Look below for the line with "Katana Suicide Squad Chibi T-Shirt" and the line with "Villa, Radhus, Krokstigen"; repeat exactly those two lines and all lines between them, but no pictures.

> Excerpted data
════════════════

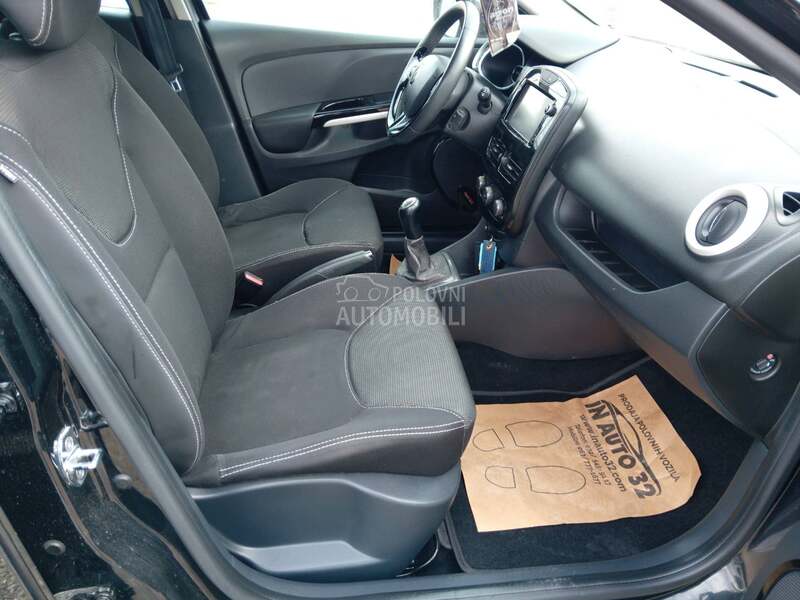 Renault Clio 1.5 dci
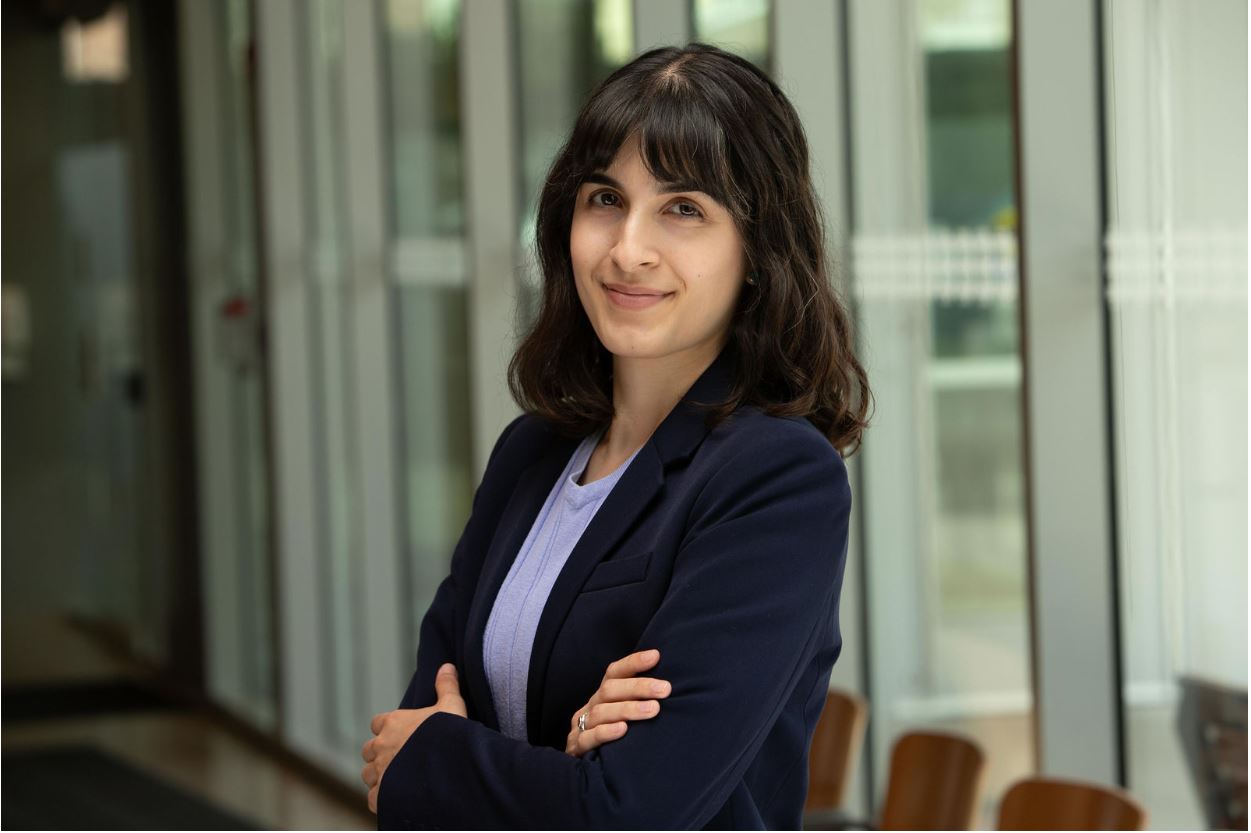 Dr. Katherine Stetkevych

════════════════

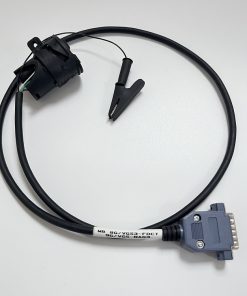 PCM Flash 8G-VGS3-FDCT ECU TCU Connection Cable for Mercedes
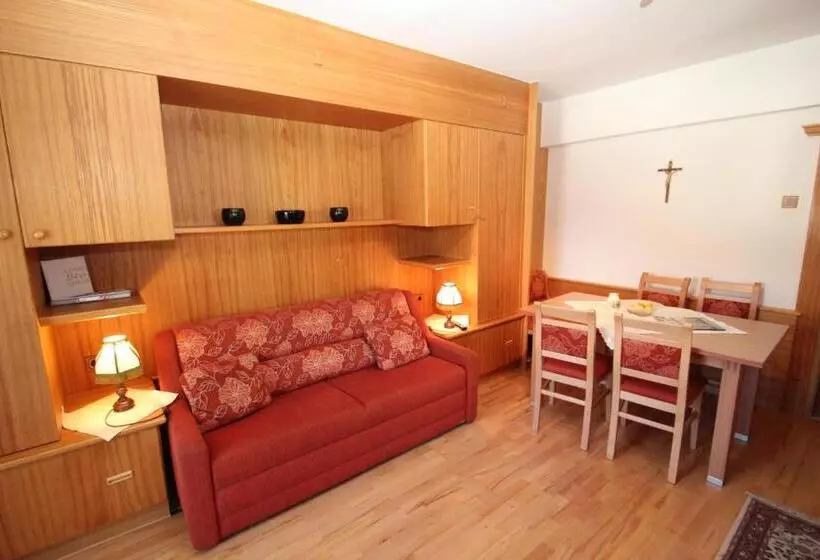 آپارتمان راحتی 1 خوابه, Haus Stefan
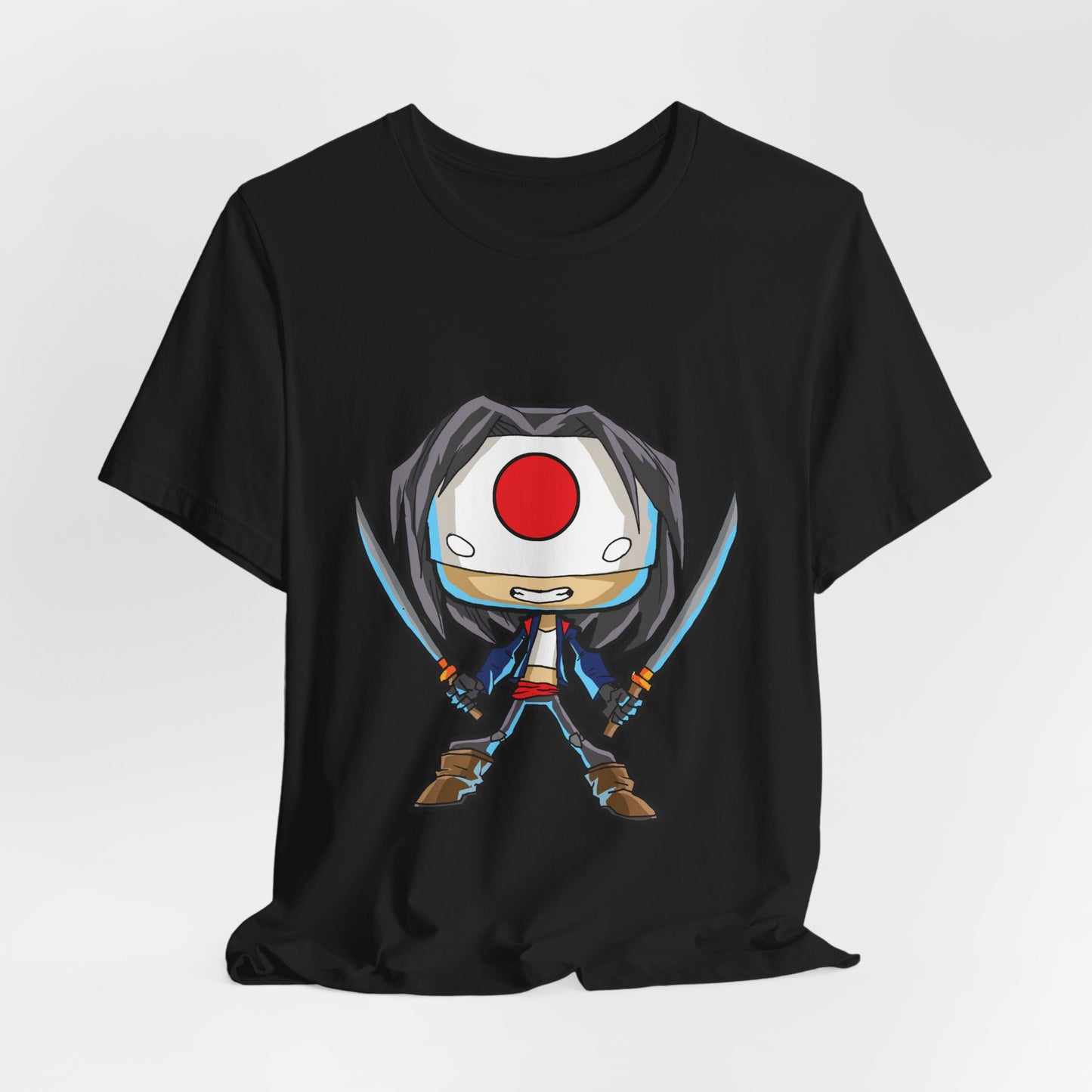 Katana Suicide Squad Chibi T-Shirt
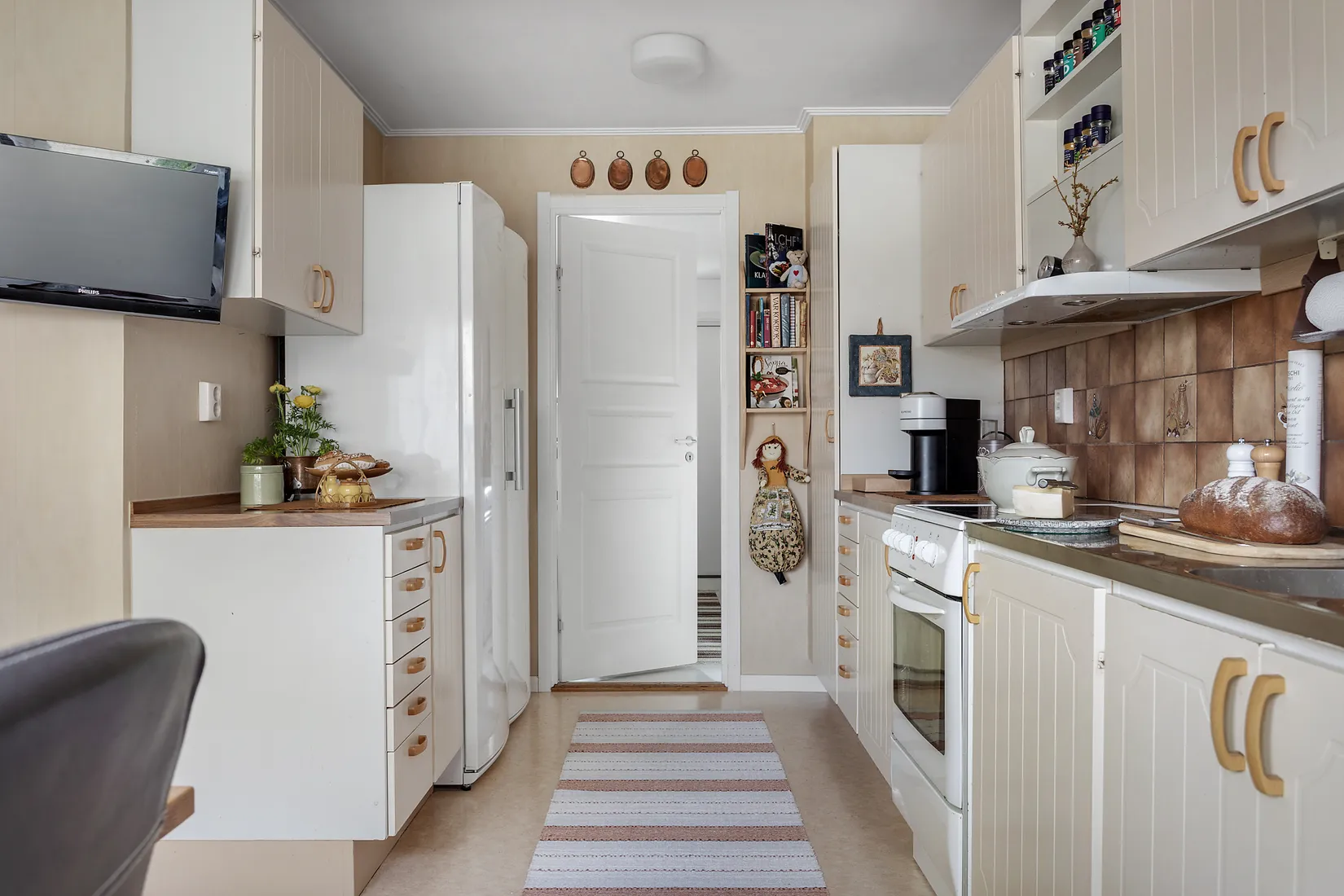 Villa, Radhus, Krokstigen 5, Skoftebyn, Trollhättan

════════════════

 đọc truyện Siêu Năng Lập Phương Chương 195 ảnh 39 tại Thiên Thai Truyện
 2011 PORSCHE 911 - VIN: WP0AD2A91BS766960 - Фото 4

════════════════

> Response box
 Katana Suicide Squad Chibi T-Shirt
 Villa, Radhus, Krokstigen 5, Skoftebyn, Trollhättan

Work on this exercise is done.